Discussion in 'Debate Forum' started by Silver Soul, Aug 13, 2014.

  1. Silver Soul

    Silver Soul Well-Known Member

    In this topic, we will discuss the racial profiling of minorities and as well as how it leads to police brutality as well as harsher sentences based on race.

    In this summer, there were reported deaths of African-American children and men alike who were killed by police despite being unarmed. Eric Garner of Staten Island was killed by a chokehold which is illegal in the police force, Michael Brown was shot multiple times from behind recently in Ferguson, Missouri despite being unarmed, and then as of now Ezell Ford who was shot by a LAPD officer three despite following orders AND on the ground.

    What's more that when it comes to prisons, there's also racial bias there as well. Since African-Americans are more likely to go to jail based on drug offenses than whites despite the same amount.
     
  2. Profesco

    Profesco gone gently

    I may or may not join the debate to contribute to point-making or -refutation, but right now I'll help out by providing a page that discusses precisely this topic. Here you go. Not only is it thoughtfully and elegantly laid out, but it is explained from a first-person perspective, which some readers may find useful. Let me quote just a portion of the significant bits:

    If you follow the link, this paragraph is laden with links sourcing its claims, which is the main reason I'm bringing it here. The data will be a boon to this thread.

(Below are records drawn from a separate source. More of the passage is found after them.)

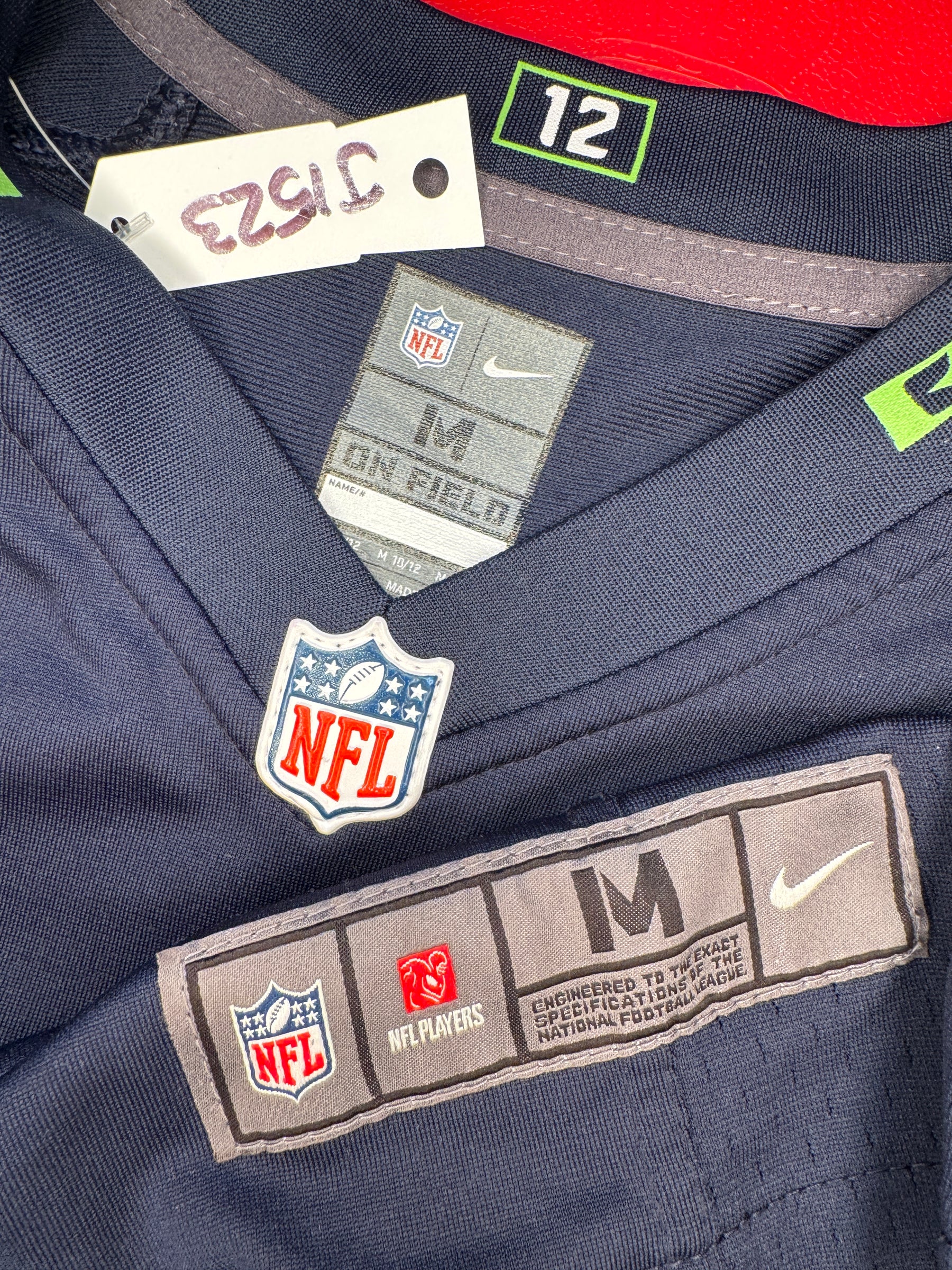 NFL Seattle Seahawks Marshawn Lynch #24 Nike Game Jersey Youth Medium 10-12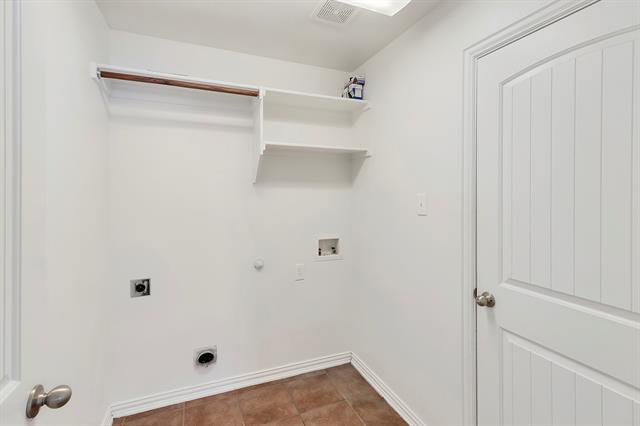 Building Photo - 4908 Rushden Rd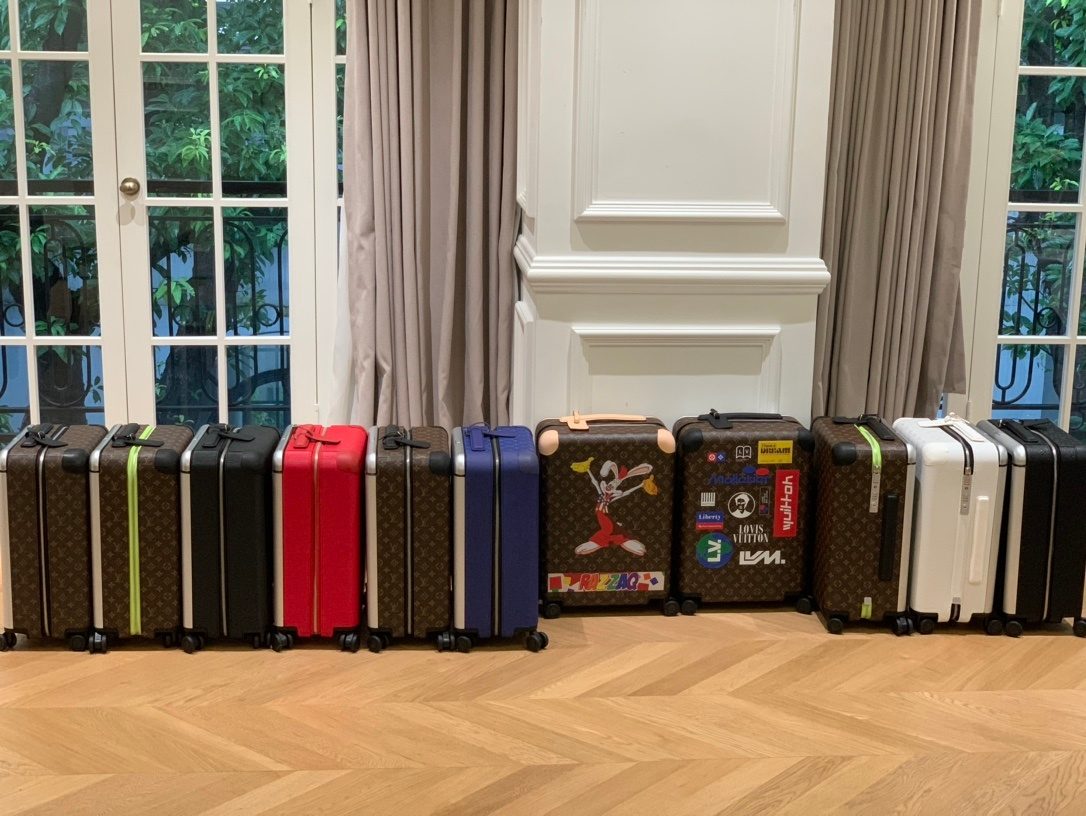 Louis Vuitton Monogram Horizon Carry-On Luggage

    Edit: And here's a link to a tale, not about racism, but about police brutality/militarization.
     
    Last edited: Aug 21, 2014
  3. Silver Soul

    Silver Soul Well-Known Member

    Why thank you Profesco. As of now in Ferguson, things had escalated to the point that there are three things wrong with the police forces lately. One being excess violence toward peaceful protesters, two being the arrests AND tear gas of actual reporters, and three being the militarization of the police force that even both liberals and libertarians are against.
     
  4. Yknot

    Yknot Дми́трий Дми́триевич

    Ferguson is a polarized town, part of the issue. It used to be a railroad town and once that died out many of the white community moved outwards to other suburbs. the majority of the town is like 80% black while 90% of the police force is white (not real numbers, but gives you an idea). This leads to mistrust of the police force in general and that attitude is reciprocated.

    Having live camera feeds on cop uniforms has actually been shown to cut down on reported incidents of police brutality SIGNIFICANTLY in case studies in California, the issue is that this technology isn't in the budget for most forces for logistical reasons. Cops need monitoring.

    What I don't quite understand is the violence against the press. Not really sure where the motivation for that is unless it is just random or they are frustrated at how the press is going to make them look. In general I could see police forces having a love/hate relationship with the media. I know intuitively that our University campus (which is required to send mass emails to students every time a homicide or violent crime such as rape or armed robbery happens on campus) would pay off local media to play down or flat out not report murders that happened across the street from campus because that would deter enrollment (our campus was bordered by a rich community on one side and a poor neighborhood on the other, so you can see the motivation for media manipulation).
     
  5. LDSman

    LDSman Banned

    The immediate problem is that the three listed people weren't "racially profiled." Racial profiling claims don't usually pan out. Are there racist cops? Yes. Are there a large number of them? No. There is an Us vs Them mentality among the police. That should be addressed. Is the system racist against people? No.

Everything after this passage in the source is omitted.